🤖 AI Summary
Traditional RAG systems treat text chunks as atomic units, limiting their capacity for multi-hop question answering. While GraphRAG incorporates knowledge graphs to model relational structures, it suffers from exponential computational complexity and reliance on heuristic retrieval strategies. This work proposes UnWeaver, a novel framework that eschews explicit graph construction by leveraging large language models to decompose documents into entities spanning multiple text chunks. UnWeaver introduces an entity-to-chunk mapping mechanism that enables entity-mediated reconstruction of original content during retrieval. By using entities as intermediaries, the approach preserves high fidelity to source materials while effectively supporting multi-hop reasoning. The method significantly reduces system complexity and noise, achieving performance comparable to GraphRAG with a substantially simpler and more efficient architecture.
📝 Abstract
One of the key problems in Retrieval-augmented generation (RAG) systems is that chunk-based retrieval pipelines represent the source chunks as atomic objects, mixing the information contained within such a chunk into a single vector. These vector representations are then fundamentally treated as isolated, independent and self-sufficient, with no attempt to represent possible relations between them. Such an approach has no dedicated mechanisms for handling multi-hop questions. Graph-based RAG systems aimed to ameliorate this problem by modeling information as knowledge-graphs, with entities represented by nodes being connected by robust relations, and forming hierarchical communities.
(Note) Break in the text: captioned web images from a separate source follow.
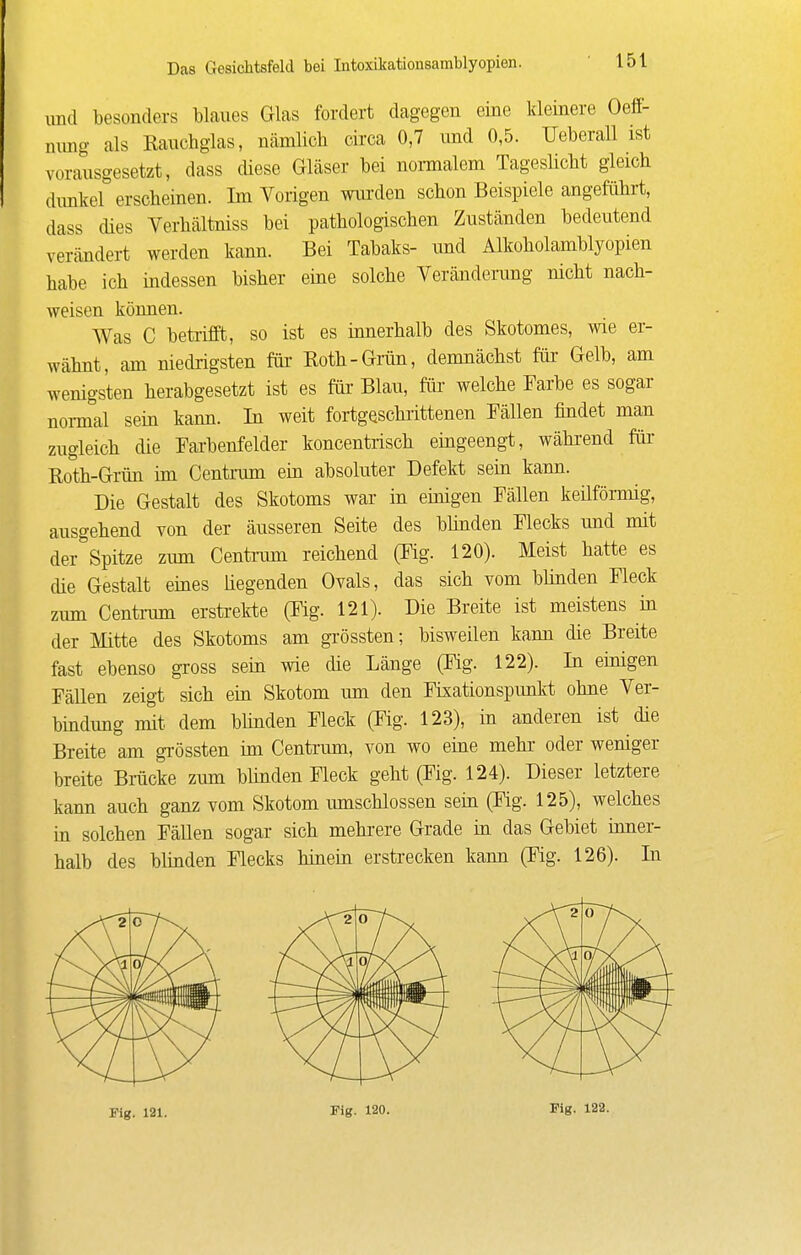 irnd besonders blaues Glas fordert dagegen eine kleinere Oeff- niuig als Kauchglas, nämlich circa 0,7 imd 0,5. Ueberall ist vorausgesetzt, dass diese Gläser bei nomalem TageslicM gleich dimkel erscheinen. Im Vorigen mu'den schon Beispiele angeführt, dass dies Verhältniss bei pathologischen Zuständen bedeutend verändert werden kann. Bei Tabaks- imd Älkoholamblyopien habe ich indessen bisher eine solche Veränderung nicht nach- weisen können. Was C bekifft, so ist es innerhalb des Skotomes, wie er- wähnt, am niedrigsten für Eoth-Grün, demnächst füi- Gelb, am wenigsten herabgesetzt ist es füi- Blau, für welche Farbe es sogar normal sein kann. In weit fortgeschrittenen Fällen findet man zugleich die Farbenfelder koncentrisch eingeengt, wähi-end für Roth-Grün im Centrum ein absoluter Defekt sein kann. Die Gestalt des Skotoms war in einigen Fällen keilförmig, ausgehend von der äusseren Seite des bhnden Flecks und mit der Spitze zum Centiaim reichend (Fig. 120). Meist hatte es che Gestalt eines hegenden Ovals, das sich vom bhnden Fleck zum Centi-um ersti-ekte (Fig. 121). Die Breite ist meistens in der Mitte des Skotoms am gi'össten; bisweilen kann die Breite fast ebenso gross sein wie die Länge (Fig. 122). In einigen Fällen zeigt sich ein Skotom um den Fixationspunkt ohne Ver- bindung mit dem bhnden Fleet (Fig. 123), in anderen ist die Breite am grössten im Centrum, von wo eine mehr oder weniger breite Brücke zum bünden Fleck geht (Fig. 124). Dieser letztere kann auch ganz vom Skotom umschlossen sein (Fig. 125), welches in solchen FäUen sogar sich mehrere Grade in das Gebiet inner- halb des blinden Flecks hinein erstrecken kann (Fig. 126). In Fig. lai. Fig. 120. Fig. 122.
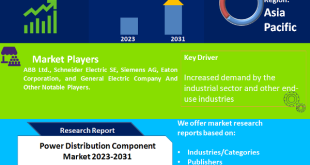 Power Distribution Component Market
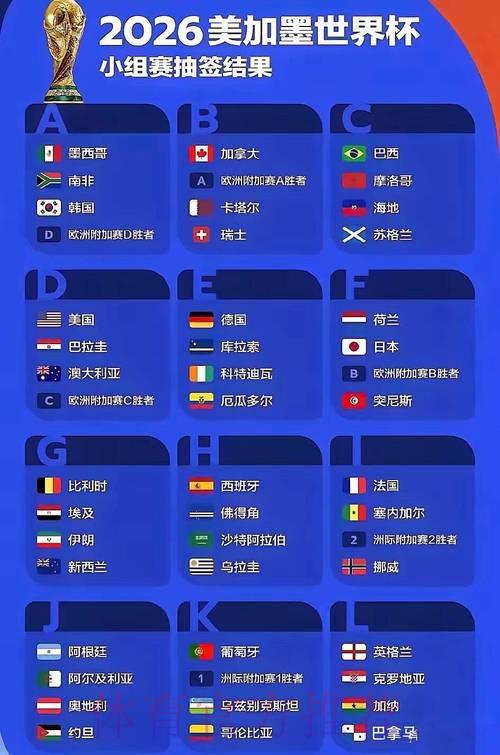 足球世界杯介绍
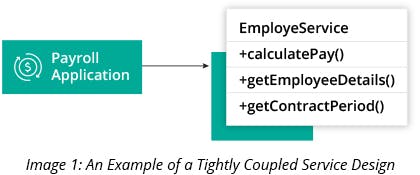 An Example of a Tightly-Coupled Service Design
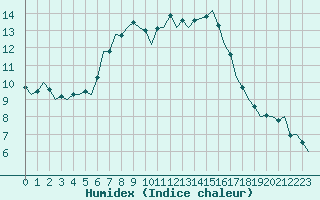 Courbe de l'humidex pour Schaffen (Be)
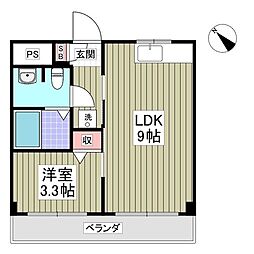 川口市芝下３丁目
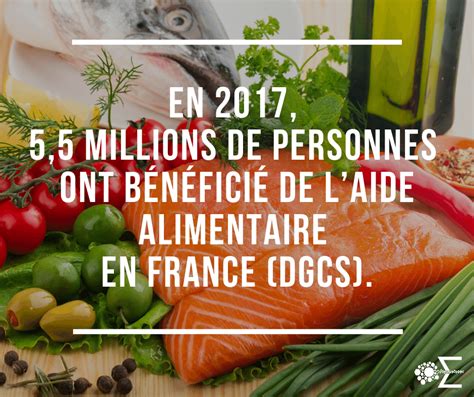 Découvrez les 10 idées reçues sur l alimentation durable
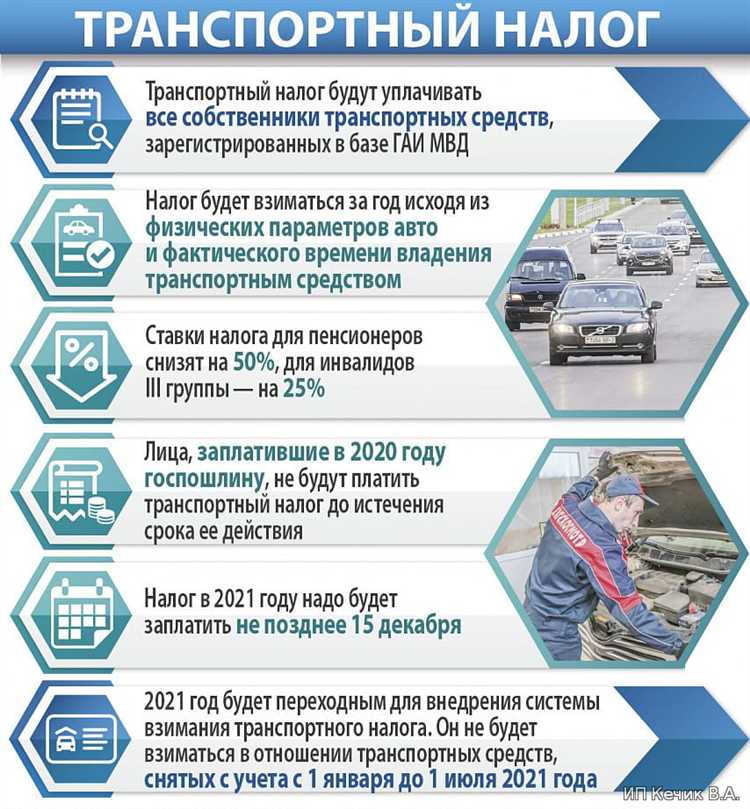 Транспортный налог обособленного подразделения куда платить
This approach however suffers from its own issues with some of them being: orders of magnitude increased componential complexity in order to create graph-based indices, and reliance on heuristics for performing retrieval. We propose UnWeaver, a novel RAG framework simplifying the idea of GraphRAG. UnWeaver disentangles the contents of the documents into entities which can occur across multiple chunks using an LLM. In the retrieval process entities are used as an intermediate way of recovering original text chunks hence preserving fidelity to the source material. We argue that entity-based decomposition yields a more distilled representation of original information, and additionally serves to reduce noise in the indexing, and generation process.